La seconde a trait avec le nom de Le Pen. Selon certaines analyses , ce nom serait profondément attaché aux sourdes angoisses des français de voir leur pays sombrer dans les affrontements communautaires, voire la guerre civile. C’est un nom repoussoir, dissuasif de toute tentation de donner le pouvoir a l’extrême droite .
C’est en tout cas une grande douche froide que les milieux de l’extrême droite et leurs sympathisants en France viennent de vivre. Ils se consolent en disant que la dynamique des élections régionales est différente de celle qui s’imposera au niveau national , ou l’icône de l’extrême droite Marine Le Pen pourra capter une plus grande part de l’électorat.
A cet argument, les opposants de l’extrême droite pourront toujours arguer qu’une force politique incapable d’emporter une région aura du mal à s’imposer au niveau national . Seul bémol de cette contre offensive, la règle s’applique aussi au président Emmanuel Macron dont le parti, La République En Marche, a brillé par son incapacité à à atteindre les dix pour cent de l’électorat pour agir sur les équilibres politiques des régions.

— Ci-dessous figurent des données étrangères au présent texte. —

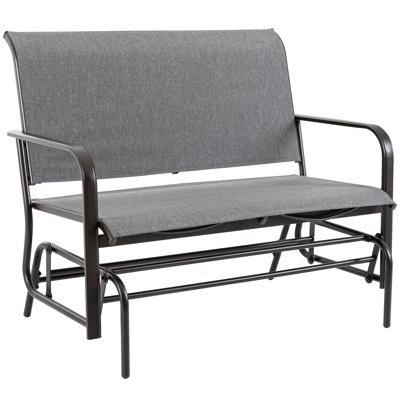 Fauteuil oscillant d'extérieur en acier Adelphia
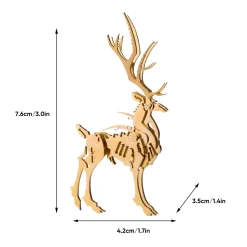 3D Metal Elk Model Kit - Make Your Own Advent Calendar -200PCS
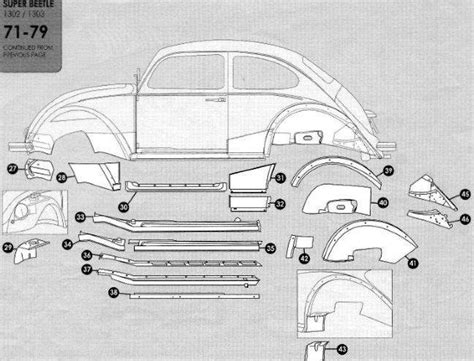 vw type 3 sheet metal parts|super beetle type 3 parts.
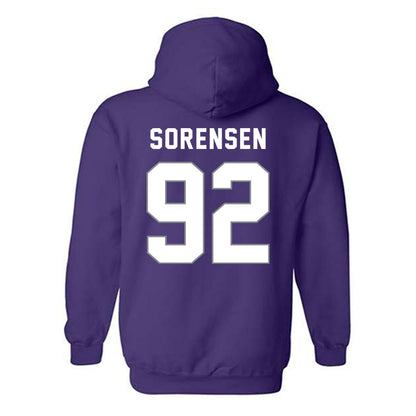 Weber - NCAA Football : Boyd Sorensen - Classic Shersey Hooded Sweatshirt-1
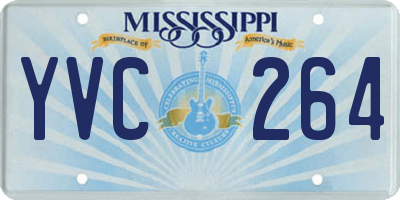 MS license plate YVC264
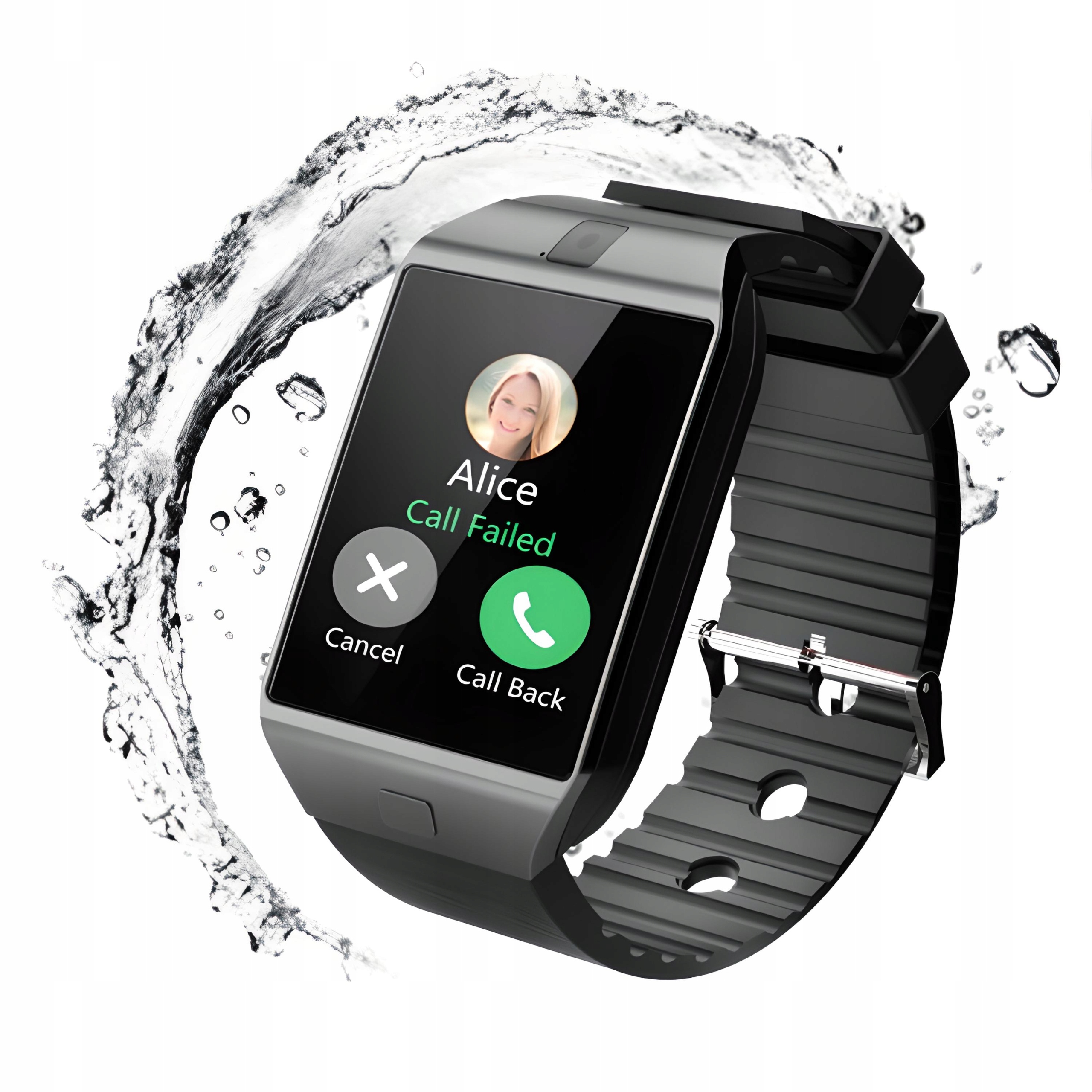 SMARTWATCH DZ-09 ZEGAREK SMART WATCH KARTA SIM SD Transmisja danych 2G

Dernière stratégie de rupture, Marine Le Pen a décidé au dernier congrès du Parti dans la ville de Perpignan de confier la présidence effective du Rassemblement National au jeune Jordan Bardella. Elle voguera, elle , en dehors du Parti de l’extrême droite, pour tenter d’attirer vers elle les électorats que rebutent encore le label RN, trop lié encore à l’ancien FN.
Pari risqué de sous-traiter au Parti la radicalité indispensable au maintien de la flamme revendicatrice et anti-système qui fait l’ADN de l’extrême droite et gardera pour elle l’approche rassurante, séductrice et rassembleuse.
Dans cette bataille présidentielle dont les enjeux ne seront réellement lancés qu’en septembre, Marine Le Pen aura à composer avec deux grandes inconnues: la capacité de résistance d’Emmanuel Macron, candidat naturel pour un second mandat, et la capacité de renaissance de la droite classique dont certains leaders se voient déjà à l’Elysée.
La qualification au second tour de la présidentielle de Marine Le Pen, une promenade de santé avant les régionales, est devenue aujourd’hui la grande incertitude politique de l’après.